This photo has nothing to do with the blog entry other than as a late reminder to bin Laden that there is nothing like this young lady in Hell |
Don't expect this to make a significant difference in Afghanistan--al Queda isn't a big player there and since the Seals allegedly walked away from the bin Laden raid with a trove of info on that band of shitbirds, they're all probably diving for the nearest cave with all due speed--the president won't need a person to person encounter to prove their demise--a missile up the rectal cavity will do just fine. So, that leaves the Taliban to cast their special brand of love around that lovely latrine pit of a country combined with the current ridiculous rules of engagement that the big thinkers have in place--our guys can't fire at a known terrorist unless he's holding a gun. What a way to run a war--we never learn. In that spirit, all you need to know about Afghanistan can be found in Fraser's first installment of the "Flashman" series--the "nation" is and has been a shithole of historic proportions, solidly resisting moving into the 8th through 20th centuries and into this one in favor of a steady policy of boy and goat rape and keeping their women tied to a plow.
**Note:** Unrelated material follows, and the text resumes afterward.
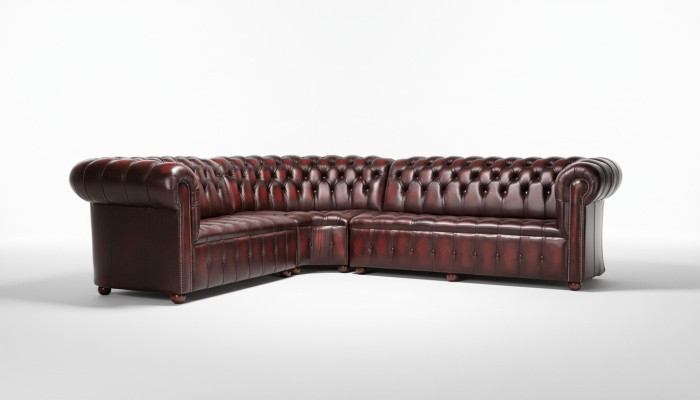 Chesterfield sofá de cuero esquina sofá tapizado conjunto de esquina asiento 100% cuero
Great folks, the Afghans, Pashtans, Dicktans, what have you. Proudly ignorant and secure in the premise that the measure of a man is which hand he wipes his ass with. We can throw every dollar that China lends us into the joint and they'll turn it all into a dung heap within hours of our departure. Not. Worth. A. Single. American. Life. In fact, they are not worthy to clean the cesspools of our military men and women "lucky" enough to draw duty there. Rant over. Think I've included enough scatological references? Probably not.
I'm not sure which is worse--if you're a Democrat having to react to what comes out of Republican Senator Lindsay Graham's mouth, or if you're a Republican having to react to what comes out of Republican Senator Lindsay Graham's mouth. Talk about a loose cannon--his entire staff is probably being treated for irritable bowel syndrome. Also, I like the 19th century term for hemorrhoids--"piles." Also, "consumption" for tuberculosis. I guess dying of consumption with a stiff case of the piles wouldn't be pleasant. Robert E. Lee allegedly had piles and a heart attack at Gettysburg which was bad enough for him but fairly serious for the boys making the ill-fated charge he ordered up Cemetery Ridge on the third day of the battle. Next time I go to the doctor (that seems to be an increasing event) I'm going to indicate "piles" as the complaint when asked by the perky receptionist and just enjoy the reaction. It's the small things that make life worth living.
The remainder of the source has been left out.